- In this third installment of Bray’s fantastic Diviners series, Libba Bray finally pulls together many moving pieces and lays down the major themes of the series with gusto. If I could sum it up in one phrase, I’d call this book “Ghosts are scary, but not as scary as evangelism” Or “Ghosts are scary, but it’s your fault.”
The Diviners are a diverse group of supernaturally talented young people in 1920s NYC (who aren’t officially called “The Diviners” but simply “diviners” at this point). In previous volumes, they have tracked down a paranormal serial killer and solved the crisis of the “sleeping sickness” that had people falling into deep nightmares and never waking. Along the way, they sought answers to how they came about their varied powers: Evie, rising radio starlet and object medium; Memphis, the “Harlem Healer”; Sam Lloyd, con man who can command invisibility; Theta, Follies Girl who fears revealing her fire-power may end her career and reveal her stormy past; and several more excellent young people. So many more. Libba Bray’s books are expansive in character and scope.
Their origin questions keep tracing back to: a mysterious enterprise called Project Buffalo; technical tycoon Jake Marlow; the United States military; and increased warnings from beyond the veil of the “Man in the Stovepipe Hat” sometimes also referred to as “The King of Crows.” The diviners eventually learn how they came to be and what the King of Crows wants from the land of the living.
The central plot is mainly in three parts: One focuses on a local madhouse based on New York’s Kirkbride asylums, where the patients have witnessed ghosts rising up onto the island out of the fog. These ghosts are not simply haunting: they are violently inhabiting the staff and using the living’s innermost angers to take out bloody and fatal revenge on the residents. This madhouse is linked to the diviners: one of its residents can draw the future like Isaiah, and another is the veteran who tried to assassinate Evie in a prior volume. Meanwhile, the diviners have come together to explore and improve on their powers under the guidance of Evie’s uncle Will and Sister Walker, both former associates in Project Buffalo who have not been entirely truthful with their young wards. The third part focuses on Jericho and his role in Jake Marlow’s upcoming Future of America exhibition (a sort of World’s Fair), with Jericho acting as a double agent to get more information on Marlow’s connection to Project Buffalo. Just kidding, there’s a fourth plot about a labor strike and the radical anarchists trying to move progress forward with dicier methods. The stories all come together in an explosive climax, and the diviners realize they are fighting a terror far broader than they could have imagined, one that is rooted as far back as the bloody origins of our nation.
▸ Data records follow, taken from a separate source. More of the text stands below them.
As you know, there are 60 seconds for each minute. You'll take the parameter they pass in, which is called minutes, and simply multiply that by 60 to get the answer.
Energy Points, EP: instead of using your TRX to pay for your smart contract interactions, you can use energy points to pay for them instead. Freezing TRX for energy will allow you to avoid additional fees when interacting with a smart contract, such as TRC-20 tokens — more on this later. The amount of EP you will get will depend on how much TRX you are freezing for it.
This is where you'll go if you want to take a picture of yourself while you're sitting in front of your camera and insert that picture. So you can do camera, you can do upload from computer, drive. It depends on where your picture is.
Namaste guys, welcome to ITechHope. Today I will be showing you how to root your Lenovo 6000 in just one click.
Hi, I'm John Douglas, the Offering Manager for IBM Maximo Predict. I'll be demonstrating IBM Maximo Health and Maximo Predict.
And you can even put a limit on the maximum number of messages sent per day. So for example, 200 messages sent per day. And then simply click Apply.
Wow, it was REALLY HARD TO SUMMARIZE THAT because as always, Bray packs SO MUCH INTO HER BOOKS. It is no surprise each volume has topped 500 (sometimes 600) pages. That being said, the first volume and this volume move along at quite a clipping pace due to her snapping dialogue and vivid descriptions. The second book in the series was a bit of a slog for me — it definitely could have used a lot of editing, and it has a real “middle book” feel, setting up a lot that won’t come together for awhile.
But what didn’t work for me in volume 2 worked very well in this volume, as the underlying motivations of the novel’s villain is very epic in scope, and HIGHLY relevant, so the many stories and details feel much more purposeful. Honestly, it makes me wonder if Bray herself is a diviner of the future, because this book, which came out in 2017 (so she had to have started developing it in 2015/16?) is a BRUTAL examination of colonialism, white supremacy, and Trump’s America.
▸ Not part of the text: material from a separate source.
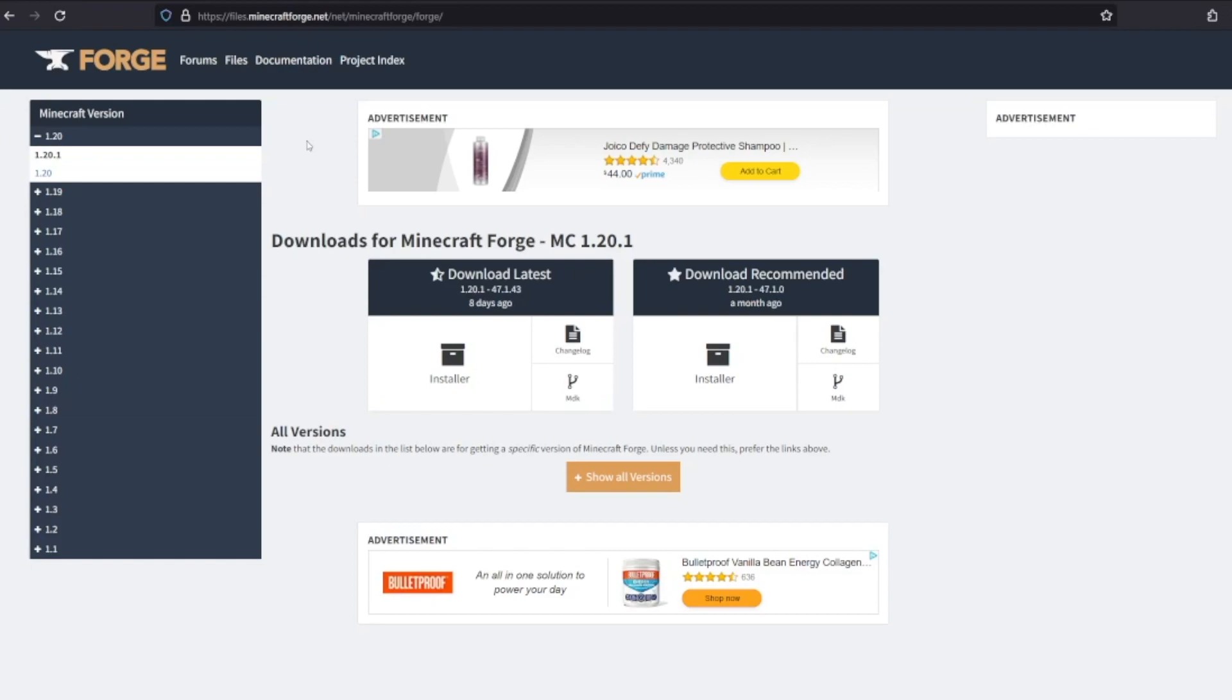When you're on the Forge download page, which you can get to by going to files.minecraftforge.net, you'll need to select the version of Minecraft Forge that you want to download. For this, we're just going to use the latest version 1.20.1. We're going to download the recommended file, which we can do by hitting Installer.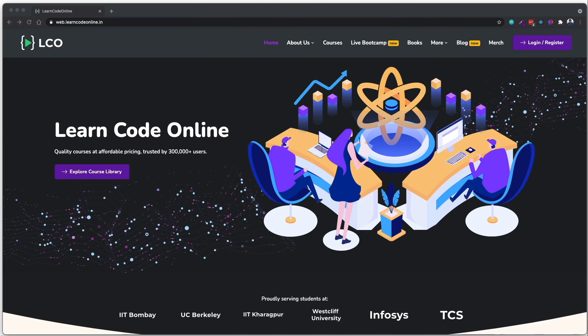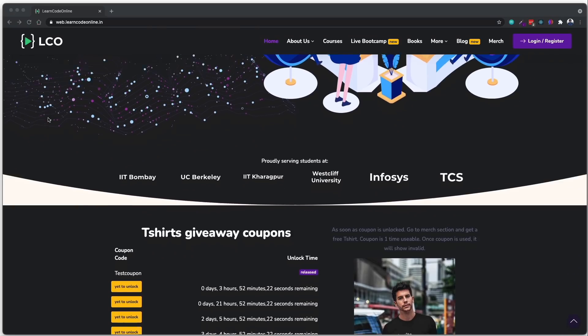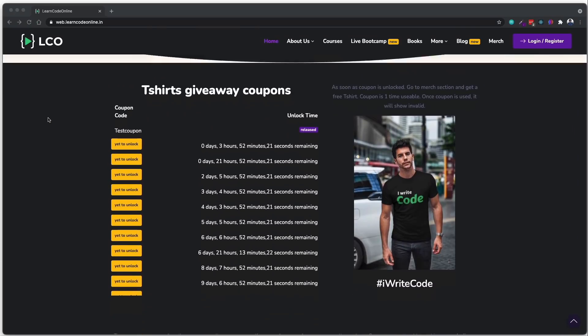This giveaway is exclusively for programmers — it doesn't matter where you learn, what stack you use, or what programming language you write your code in. All that matters is: I write code. If you write code, this t-shirt is absolutely for you. To grab this t-shirt, you simply have to visit learncodeonline.in.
It’s mind-boggling how Bray manages to pack in every single friggin’ societal issue you can think of and it still feels authentic to the time period and the story she is telling. Mental health, feminist issues, religion in politics, demisexuality, reparations, rape culture. If I had a bell that I rang every time a character dealt with a thing I’d read about on Facebook that day, I’d be a really annoying neighbor.
Also, there’s hella sex in this one! Wooo! all of it together in the middle of the book. Everyone gets some. It was like Rent’s “Contact” in a YA historical fiction novel. Go, sexy times!
Bray could still use some more editing – the denouement was particularly looong.
But I’m REALLY excited to see how this all comes together. It feels little dismal, like going into Avengers Endgame. How can they come out of this disaster?? A multi-universe disaster tied to the shitty foundation of American history? IS LIBBA BRAY ABOUT TO SOLVE AMERICA’S PROBLEMS IN A YA PARANORMAL ROMANCE??!?!?!?!?!!?!?!?!?
Honestly, if anyone can do it, it might be her.
Also, if you’re curious and read the series, here is my impossible Dream Cast for a televised series that could only happen with the help of time travel since most of these people are grown-ass adults from different generations. WHATEVER MAN, IT’S MY HEADCANON. And aren’t they handsome?
Lastly, I do the audio for this series, because January LaVoy is A-MAY-ZING.